When the sheet is folded in half, the pulses from the encoder are counted, and the first folding knife is operated before the leading edge of the sheet reaches the folding section 14, for example, between the conveying roller 84 and the first folding roller 86. 92 is moved to the top dead center side (that is, toward between the first folding roller 86 and the second folding roller 88). The sheet is guided between the first folding roller 86 and the second folding roller 88 by the guide surface 92a of the first folding knife 92 and enters between the two guide plates 68a and 68b of the folding plate 68. As shown in FIG. The pulses from the encoder are counted, and the rollers 84, 86, 88, 90, and 96 are stopped at the timing when the crease made by the creasing section 12 arrives, and the second folding knife 94 and the second folding roller 88 are moved. It advances (moves) in the direction toward the third folding roller 90 . At the moment when the second folding knife 94 comes into contact with the sheet, or slightly before or after that, the driving of the rollers 84, 86, 88, 90, 96 is restarted, and the sheet is folded between the two folding rollers. let in. The sheet is caught between the second folding roller 88 and the third folding roller 90, folded along the crease, and discharged with the crease leading.

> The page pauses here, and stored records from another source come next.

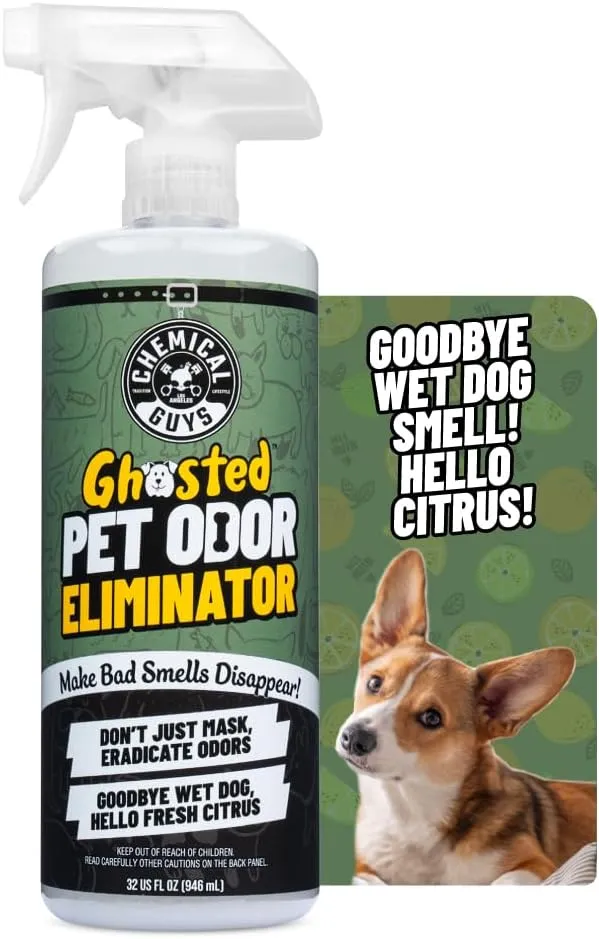 Ghosted Pet Odor Eliminator, Refresh Your Home, Car, Office, & More, From Chemical Guys (32 Fl Oz) - Fresh Citrus Scent - PCS10232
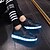 cheap Women&#039;s Sneakers-Unisex Shoes PU Spring Fall Light Up Shoes Comfort Sneakers Walking Shoes Flat Heel Round Toe LED Lace-up for Athletic Outdoor White Black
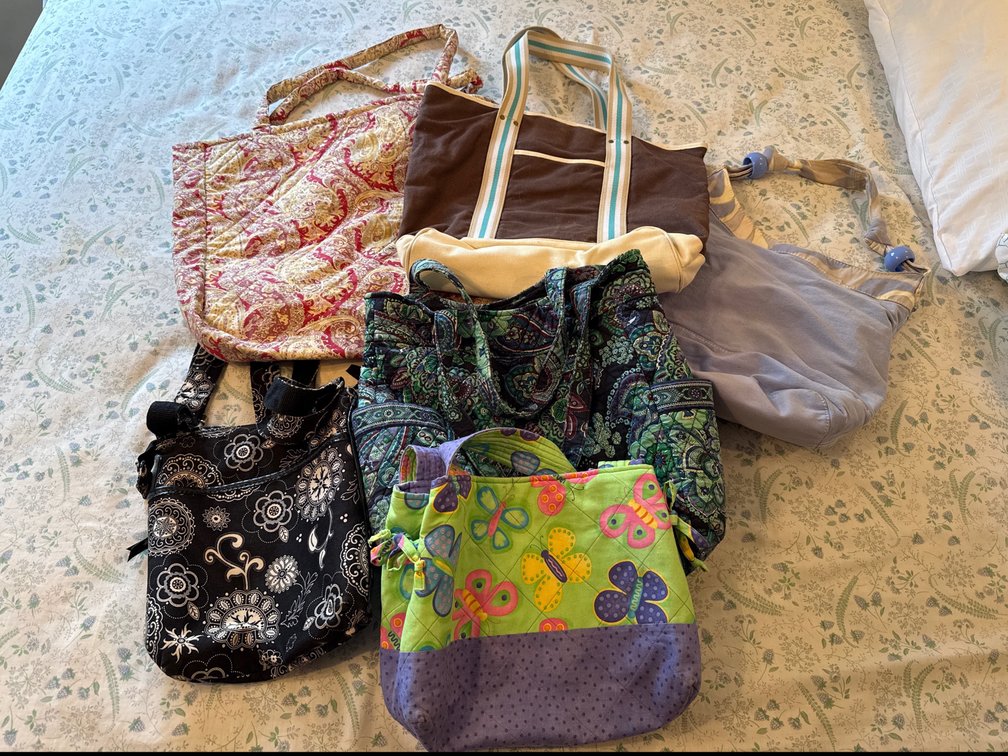 Assorted Quilted/ Tote Bags and Purses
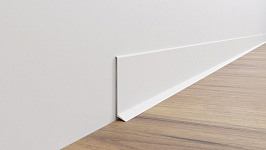 Плинтус AlPro13 - 21100 алюминиевый L 100 белый /порошковая окраска в RAL 2.95 м.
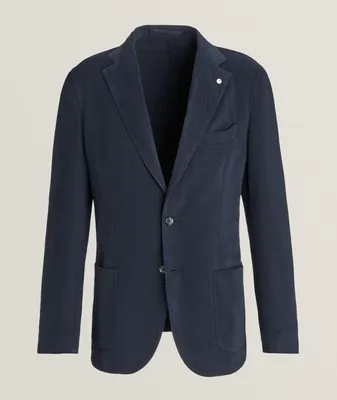 Garment-Dyed Cotton-Cashmere Sport Jacket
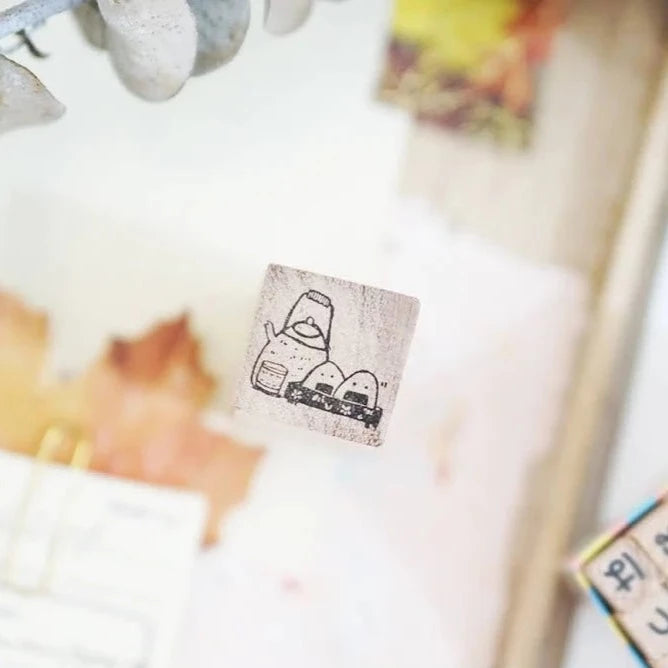 Mini Oyatsu Rubber Stamp · Black Milk Project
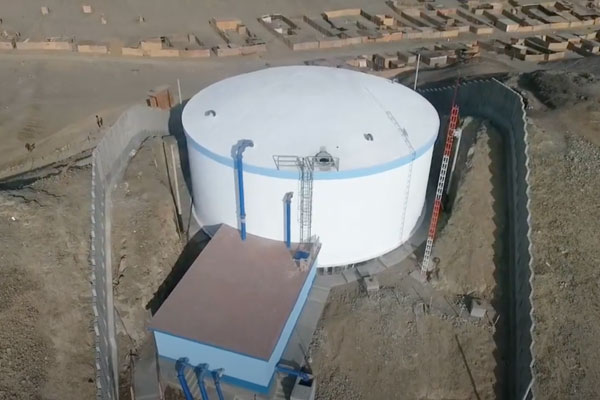 día del agua - obra huarmey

When the sheet is folded in three or double-folded, the pulses from the encoder are counted, and the rollers 84, 86, 88, 90, 96 are stopped at the timing when the crease made by the creasing section 12 arrives. The first folding knife 92 is raised in a direction toward between the first folding roller 86 and the second folding roller 88 . At the moment when the first folding knife 92 comes into contact with the sheet, or slightly before or after that, the driving of the rollers 84, 86, 88, 90, and 96 is resumed, and the sheet is folded between the two folding rollers. let in. The sheet is caught between the first folding roller 86 and the second folding roller 88, folded along the folding line, and enters between the two guide plates 68a and 68b of the folding plate 68 with the folding line leading. do.

Further, the pulses from the encoder are counted, and at the timing when another crease made by the creasing section 12 arrives, the rollers 84, 86, 88, 90 and 96 are stopped, and the second folding knife 94 is moved to the second fold. It advances (moves) in a direction between the second folding roller 88 and the third folding roller 90 . At the moment when the second folding knife 94 comes into contact with the sheet, or slightly before or after that, the driving of the rollers 84, 86, 88, 90, 96 is restarted, and the sheet is folded between the two folding rollers. let in. The sheet is caught between the second folding roller 88 and the third folding roller 90, folded along the crease, and discharged with the crease leading.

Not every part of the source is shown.